Portrait of Jakob Meyer zum Hasen

1516
Oil on linden panel, 40 x 32 cm
Kunstmuseum, Öffentliche Kunstsammlung, Basel

There is a companion-piece of this painting, the portrait of the sitter's wife, Dorothea Meyer, née Kannengiesser.

The transference of artistic knowledge and material from Italy northwards through the Alpine passes during the late fifteenth and early sixteenth century led to the emergence of Italianate portrait-construction in Germany. This was being practiced with increasing confidence by the time Holbein received his first commissions. Dürer was crucial here, primarily through his Venetian visits in 1496-7 and 1506. Holbein eschewed most of the emotionalism intricately bound up in Dürer's view of the world and once having developed his ability to make a calm appraisal of the sitter's condition, as demonstrated here, maintained it throughout his career. This has led to the mistaken belief that little or nothing changed in his technique over thirty-five years.

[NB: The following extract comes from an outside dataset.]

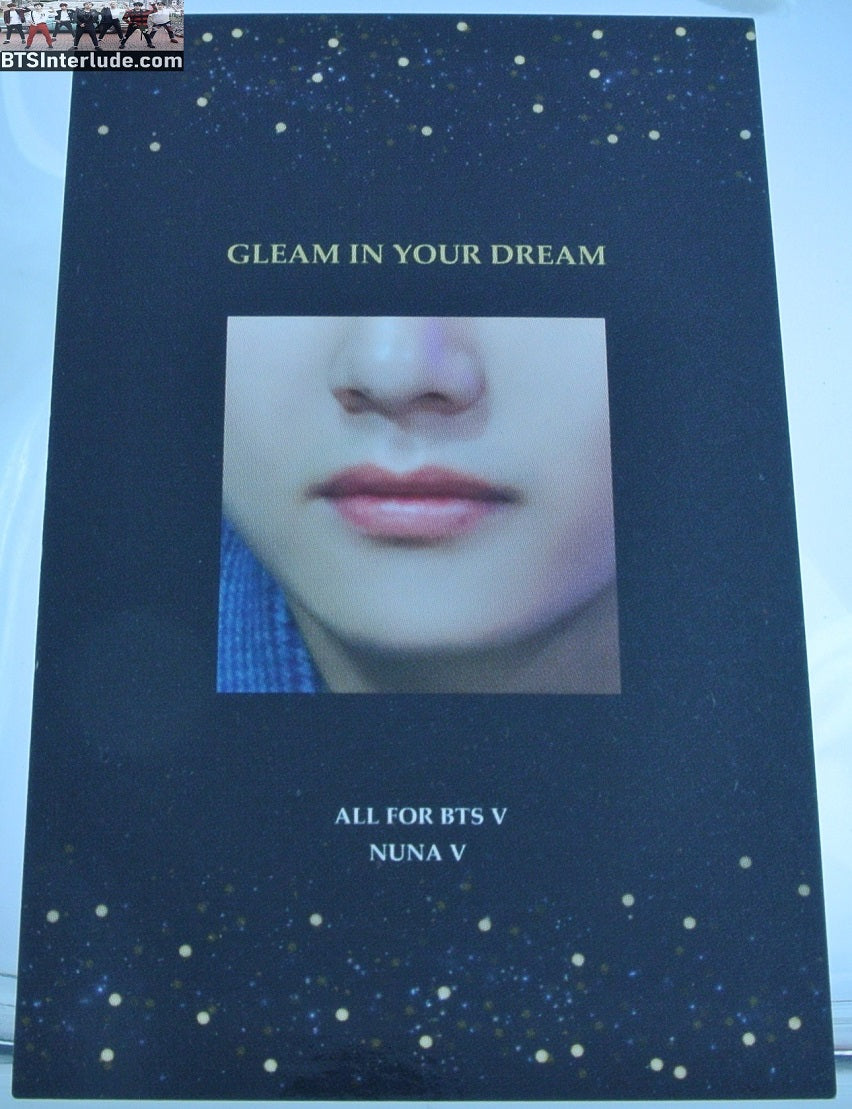 BTS PHOTOCARD FANSITE V KIM TAEHYUNG 김태형 BLOND HAIR BLUE SUIT RED DRAPES NUNA V FANSITE GLEAM IN YOUR DREAM PHOTO CARD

As a result of the power and poise of Holbein's preliminary silverpoint portrait, line dominates over colour and texture throughout the painting, except, ironically, in the face. The lines of the bunched fingers compel attention more against the undifferentiated dark jacket, and the illustrative rigour of the architectural background belies the subtlety of light and shadow in the face, perhaps revealing an overly self conscious borrowing of Italianate design at this early stage in the artist's career.

The portrait seems to have had a personal function, as the mayor and his wife are informally, if splendidly, dressed. Meyer's main concern would have been the proud display of his wealth, which had enabled this merchant's son to become the first mayor of Basel who was not from the city's upper class but a representative of the guilds. The coin that Meyer holds out prominently towards the viewer presumably refers first and foremost to his occupation as a moneychanger, and only secondarily to the right of the city of Basel, confirmed in 1516 by the Emperor Maximilian (emperor 1486-1519), to mint gold coins. The numerous gold rings on Mayer's left hand vividly demonstrate his prosperity. With his right index finger he points discreetly at his wife, who is likewise richly arrayed, in her case in pearls and gold chains, and clothes and bonnet that are expensively embroidered and laced with gold thread. Even the architecture - with its glossy columns of red veined marble, richly decorated frieze with classical acanthus leaves, and expensively coffered barrel vaulting borrowed from Italian Renaissance architecture - creates a splendid frame for the figures. Holbein places the self assured man in front of the solid pier, thus underlining his physical dominance vis-à-vis the petite woman, who is seated against a monochrome blue background.

In a small cartouche in the frieze above the head of Jakob Meyer, mayor of Basel, Hans Holbein has signed the double portrait with his initials and dated it 1516. This is the first time Holbein, still an apprentice painter, emerges from anonymity. The architecture provides a link between the two portraits and creates a shared space for the figures; prior to Holbein, such a pictorial concept was unknown in Basel panel painting. The same applies to the decorative elements on the architecture, derived from the Italian Renaissance, such as the coffered vault and the acanthus leaf frieze, which incorporates two putti.